2.28 mol x 58.0794 g/mol = 132.421 g132.421 g divided by 0.788 g/cm

^{3}= 168.047 cm^{3}

ethanol

1000 g divided by 0.789 g/cm^{3}= 1267.427 cm^{3}

total volume

168.047 + 1267.427 = 1435.474 cm^{3}

2) Determine molarity:

2.28 mol / 1.435 L = 1.59 M

**Solution for mole fraction:**

1) Determine moles of ethanol:

1000 g / 46.0684 g/mol = 21.71 mol

2) Determine mole fraction of acetone:

2.28 / (2.28 + 21.71) = 0.0950

**Problem #12:** Calculate the normality of a 4.0 molal sulfuric acid solution with a density of 1.2 g/mL.

Reminders:

N = #equivalents / L solution

#equivalents = molecular weight / n (n = number of H^{+}or OH¯ released per dissociation.)

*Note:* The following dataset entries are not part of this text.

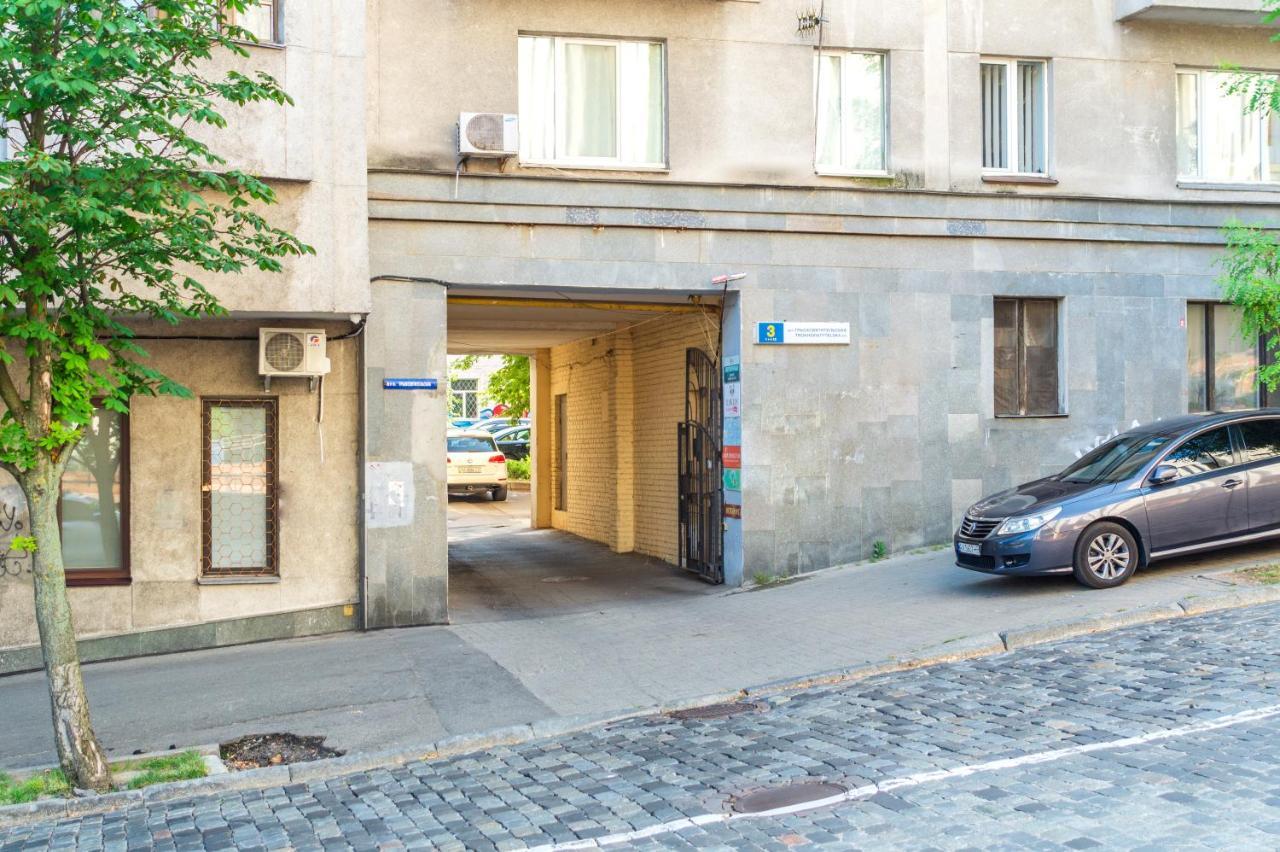 Apartment Triokhsviatytelskaya Street 3 キエフ エクステリア 写真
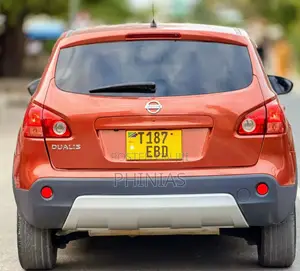 Nissan Dualis 2010 Maroon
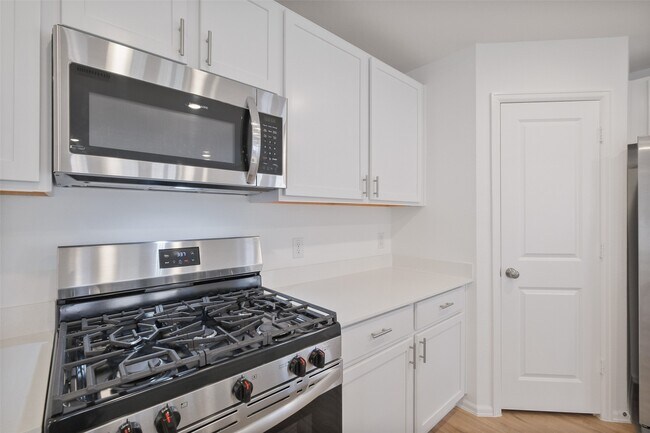 Foto del edificio - 27138 Breakaway Ln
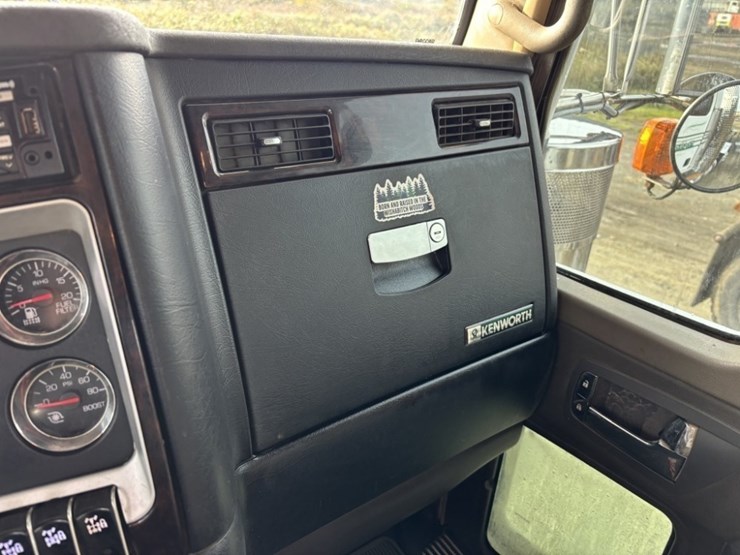 2018-kenworth-w900-image-36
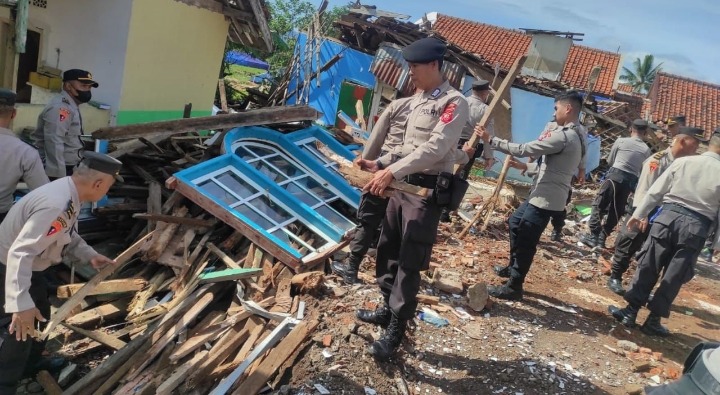 polri lakukan pembersihan puing puing pasca gempa cianjur 52266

molal = moles solute / kg solvent

**Solution:**

1) Determine grams of H_{2}SO_{4} present:

4.0 molal = 4.0 moles H_{2}SO_{4}/ 1000 g solution4.0 mol times 98.09 g/mol = 392.32 g

2) Determine equivalent weight for H_{2}SO_{4}:

98.09 g/mol / 2 dissociable hydrogen/mol = 49.05 g/equivalent

3) Determine # equivalents in 392.32 g:

392.32 g times (1 equivalent / 49.05 g) = 8.0 equivalents

4) Determine volume of solution:

392.32 g + 1000 g = 1392.32 g (total mass of solution)1392.32 g / 1.2 g/mL = 1160.27 mL

5) Determine normality:

N = 8.0 equivalents / 1.16027 L = 6.9 N

**Problem #13:** An car antifreeze mixture is made by mixing equal volumes of ethylene glycol (d = 1.114 g/mL, molar mass 62.07 g/mol) and water (d = 1.000 g/mL) at 20.0 °C. The density of the solution is 1.070 g/mL.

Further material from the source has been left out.